**Task data:**
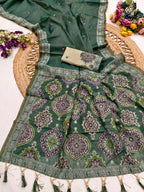 Vastranavya Morpeach Muga Cotton Meenakari & Azarakh Pallu Saree with Contrast Blouse | Grocsy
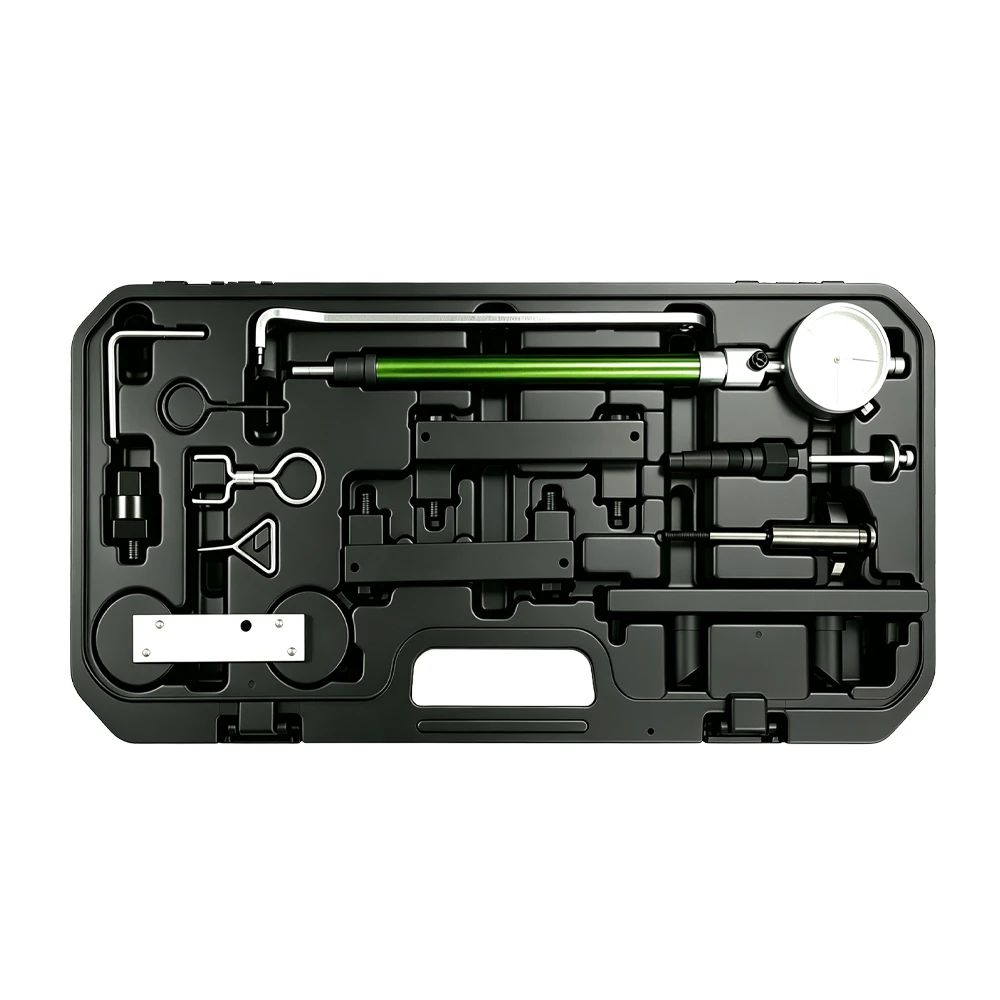 Kit d'outils de réglage de la distribution pour VW et Audi FSI 4 VT01742 Kit d'outils de réglage de la distribution VW Audi FSI TFSI, destiné au réglage et au blocage des composants de la distribution lors de l'entretien de la courroie ou de la chaîne de distribution.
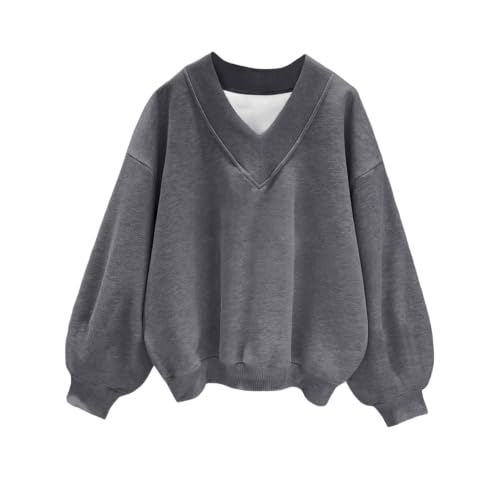 V Neck Sweatshirt for Women Oversized Fleece Sweatshirt Winter Outfits - image 1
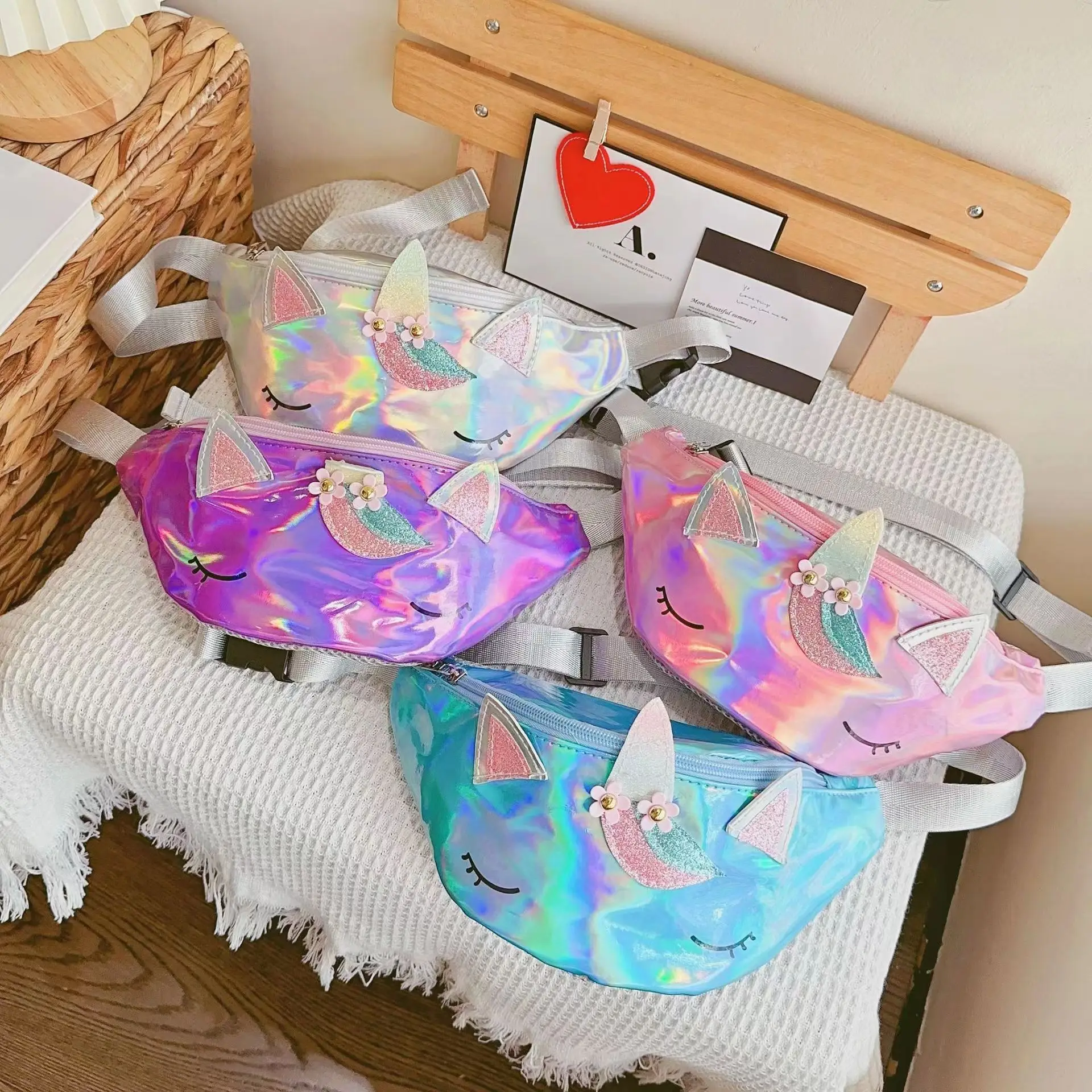 Sac de mode pour enfants Laser coloré dessin animé licorne enfants mignon sac de taille réglable accessoires pour tout-petits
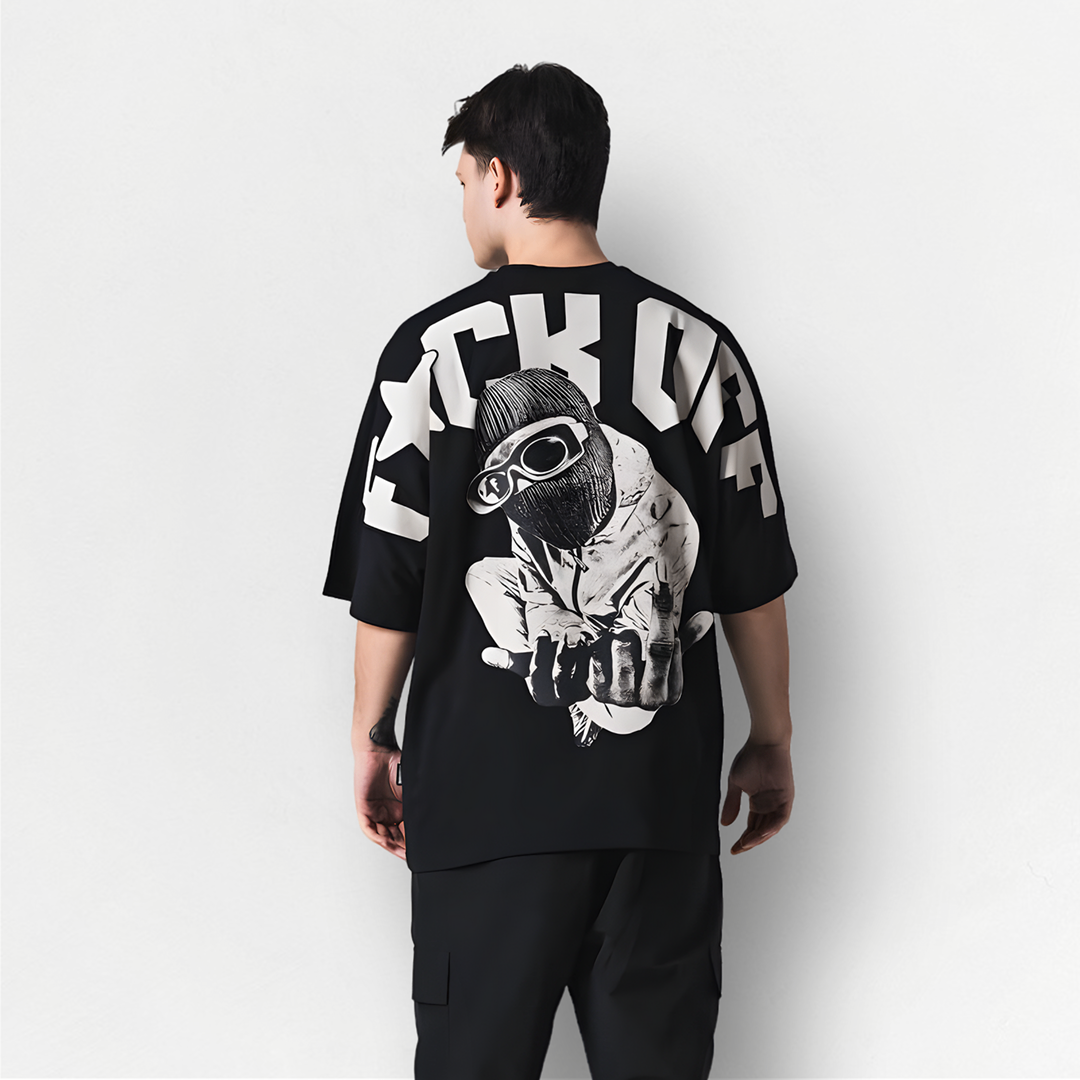 Siyah FUCK OFF Baskılı Unisex Oversize Tişört
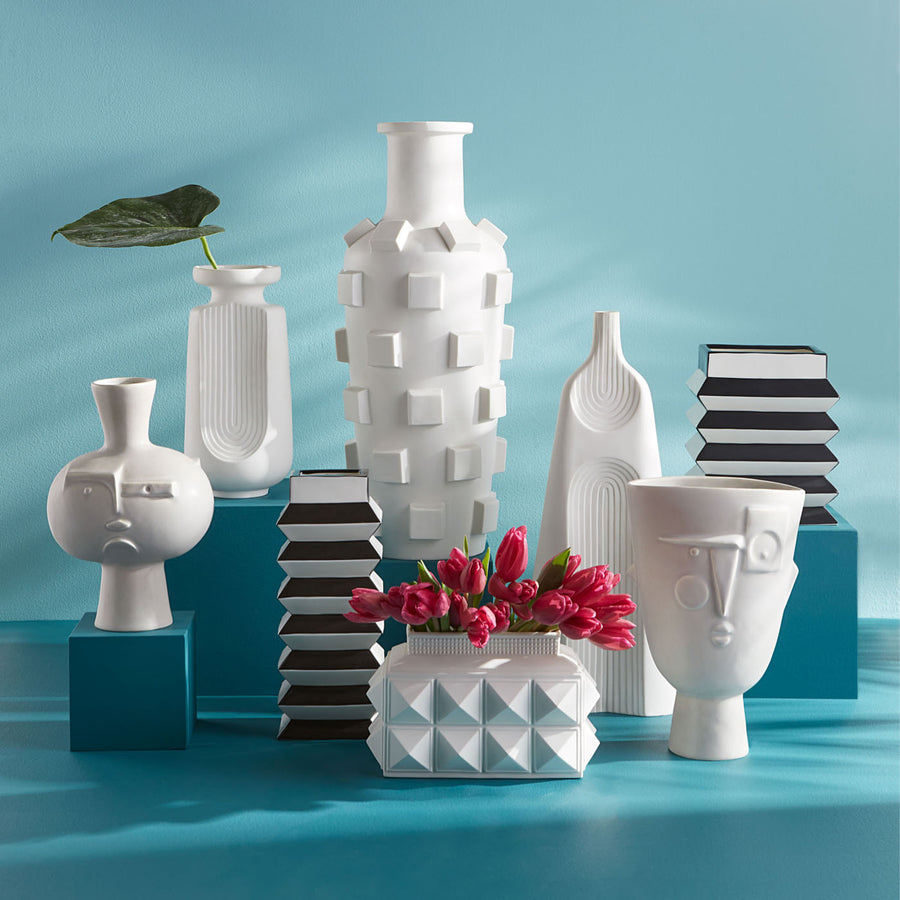 Porcelain Studded Low Vase | Jonathan Adler Charade | Oroa.com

**Problem description:** Repeat every record above exactly. Omit the pictures.

**Answer to the exercise:**
 Vastranavya Morpeach Muga Cotton Meenakari & Azarakh Pallu Saree with Contrast Blouse | Grocsy
 Kit d'outils de réglage de la distribution pour VW et Audi FSI 4 VT01742 Kit d'outils de réglage de la distribution VW Audi FSI TFSI, destiné au réglage et au blocage des composants de la distribution lors de l'entretien de la courroie ou de la chaîne de distribution.
 V Neck Sweatshirt for Women Oversized Fleece Sweatshirt Winter Outfits - image 1
 Sac de mode pour enfants Laser coloré dessin animé licorne enfants mignon sac de taille réglable accessoires pour tout-petits
 Siyah FUCK OFF Baskılı Unisex Oversize Tişört
 Porcelain Studded Low Vase | Jonathan Adler Charade | Oroa.com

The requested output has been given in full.